Nei confronti degli stati indebitati si assiste alla stessa scena. Nelle loro capitali arrivano emissari di ogni genere, della Banca Centrale Europea, del Fondo Monetario Internazionale, delle società di rating, tutti con la stessa missiva: “pagate ciò che il mercato vi impone e se non potete pagare, svendete”.
Soprattutto “svendete” perché il vero disegno di mercanti, banche, assicurazioni, imprese di servizi, tutti intrecciati fra loro come serpenti in amore, è di mettere le mani sulle proprietà degli stati. Vedere tanta ricchezza e non poterla toccare, alla stregua di un frutto proibito, è una sofferenza indicibile, da sempre si scervellano per impossessarsene. Così si scopre che si scrive debito, ma si pronuncia privatizzazione, il sogno eterno dei mercanti di accaparrare palazzi, spiagge, parchi, isole, ma anche acqua, scuola, sanità, elettricità, gas, strade e tutto il resto che gli stati possiedono. Tutti beni comuni che la struttura pubblica mette gratuitamente a disposizione di tutti per il bene di tutti, ma che i mercanti vogliono per sé per ricavarci profitto.

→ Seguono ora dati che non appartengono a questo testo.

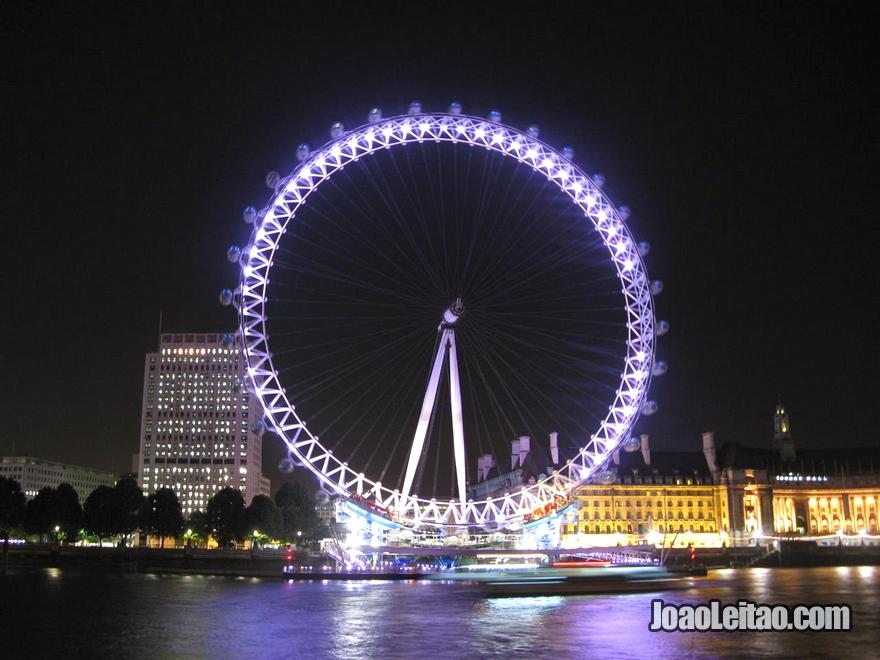 A roda-gigante London Eye também conhecida por Millennium Wheel ou a Roda do Milénio em Londres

Dunque quella del debito non è una battaglia economica, ma tutta politica. Una battaglia in cui si scontrano due concezioni: il bene comune contro l'arricchimento di pochi, l'interesse generale contro gli egoismi individuali. Dall'esito di questa battaglia dipenderà il nostro futuro: civile e armonioso se prevalgono i beni comuni, barbaro e violento se vince l'individualismo.

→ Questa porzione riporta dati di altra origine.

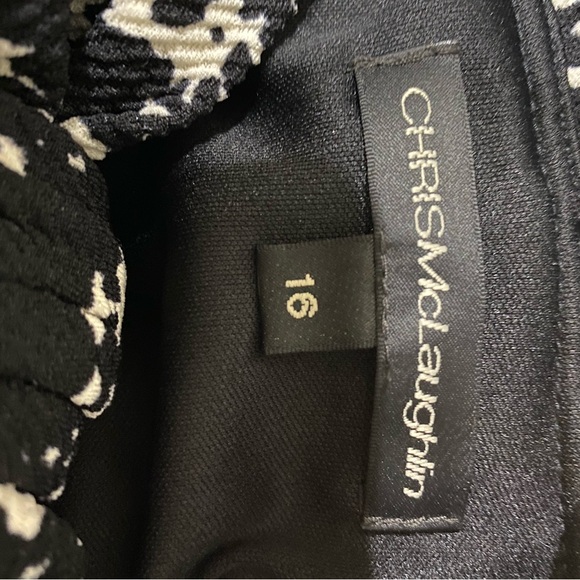 Chris McLaughlin Abstract Dress Tie Neck Size 16 - Picture 6 of 7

Oggi più che mai la parola d'ordine deve essere resistere, resistere, resistere. Basta con le manovre lacrime e sangue. Bisogna uscire dal debito sulle spalle dei forti. Dunque sfidiamoli con quella che loro chiamano bancarotta. Gridiamogli in faccia che non possiamo, né vogliamo pagare e ci avvaliamo del nostro potere di popolo sovrano per decretare la sospensione del pagamento di capitali e interesse. Il mondo non crollerà per questo. Più semplicemente assisterà ad un'operazione di livellamento: verrà tolto a chi in questi decenni si è arricchito all'inverosimile e verrà restituito a chi semplicemente chiede di vivere. Gli ebrei nella loro saggezza avevano istituito il Giubileo, l'azzeramento dei debiti ogni cinquanta anni per riposizionare le iniquità. L'umanità del terzo millennio sarà capace di altrettanta civiltà? Dipende da noi, da ognuno di noi: dalla nostra capacità di farci sentire.